By Leslie Harris
Last week, the Biden Administration repealed the ill-considered Trump-era Executive Orders against Tik Tok and WeChat, and replaced it with a new Executive Order on Protecting Americans’ Sensitive Data from Foreign Adversaries. The new Executive Order requires an assessment of the threats to national security and individual privacy posed by connected software from all foreign adversaries, requiring a careful assessment based on neutral evidence-based criteria. While China continues to pose the greatest threat to our personal data, the new Executive Order wisely takes politics out of the equation and widens the lens to consider potential threats from software from other adversarial countries such as Russia or Iran.
Implementing the new Executive Order will be a formidable task. There are close to 3.5 million apps available in the Google Play store and over two million in the Apple App store. While apps from Chinese developers may be relatively easy to identify, our investigations have found large numbers of U.S. app developers integrating Chinese software development kits (SDKs) and other technologies into their apps.
In previous investigations, IDAC has identified and called attention to inappropriate behavior happening with China-based companies in mobile apps.
For example, in one investigation, IDAC found that Jiguang, a leading mobile developer service provider and mobile big data solutions platform based in China with close to 37 million installations of their SDK was covertly collecting personal and potentially sensitive information—including precise location data and lists of all other apps installed and uninstalled.

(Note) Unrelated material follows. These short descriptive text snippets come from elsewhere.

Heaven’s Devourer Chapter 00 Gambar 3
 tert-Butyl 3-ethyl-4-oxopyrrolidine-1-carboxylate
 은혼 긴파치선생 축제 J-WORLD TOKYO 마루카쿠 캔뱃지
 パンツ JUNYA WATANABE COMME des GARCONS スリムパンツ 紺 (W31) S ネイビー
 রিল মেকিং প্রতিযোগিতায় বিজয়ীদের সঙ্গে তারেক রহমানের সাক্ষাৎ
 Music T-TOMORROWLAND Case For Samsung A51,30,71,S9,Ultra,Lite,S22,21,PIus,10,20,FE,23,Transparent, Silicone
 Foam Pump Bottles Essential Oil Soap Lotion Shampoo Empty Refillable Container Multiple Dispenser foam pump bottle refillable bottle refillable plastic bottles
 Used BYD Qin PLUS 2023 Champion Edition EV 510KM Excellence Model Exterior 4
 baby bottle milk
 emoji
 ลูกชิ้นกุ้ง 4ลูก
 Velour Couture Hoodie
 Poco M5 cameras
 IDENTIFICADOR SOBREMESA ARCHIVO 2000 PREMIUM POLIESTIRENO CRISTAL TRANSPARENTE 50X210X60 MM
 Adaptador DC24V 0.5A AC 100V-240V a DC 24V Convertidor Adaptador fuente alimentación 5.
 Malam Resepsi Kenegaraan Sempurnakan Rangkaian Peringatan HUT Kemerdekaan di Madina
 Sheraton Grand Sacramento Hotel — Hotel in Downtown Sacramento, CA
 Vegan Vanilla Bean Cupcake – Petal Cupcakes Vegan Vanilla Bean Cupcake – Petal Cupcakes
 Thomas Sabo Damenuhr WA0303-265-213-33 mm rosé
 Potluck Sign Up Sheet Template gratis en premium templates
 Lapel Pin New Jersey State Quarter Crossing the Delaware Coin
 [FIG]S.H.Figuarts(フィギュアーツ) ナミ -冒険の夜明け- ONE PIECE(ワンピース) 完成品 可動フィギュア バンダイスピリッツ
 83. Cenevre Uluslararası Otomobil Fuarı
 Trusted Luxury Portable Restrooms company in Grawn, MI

In our investigation of Premom, a popular fertility app, which collects highly sensitive personal information from women in order to help them get pregnant, the U.S.-based app developer was using a different Chinese SDK, which was collecting highly sensitive user data and selling it in China.
The growing reliance on Chinese SDKs, advertising and analytics services and the like makes it imperative that the risk assessment of Chinese software, include assessment of the Chinese SDKs and services that U.S. developers are integrating into their applications. Further, as the government begins this assessment, it should consider how to best incorporate the relevant findings of independent investigators and researchers.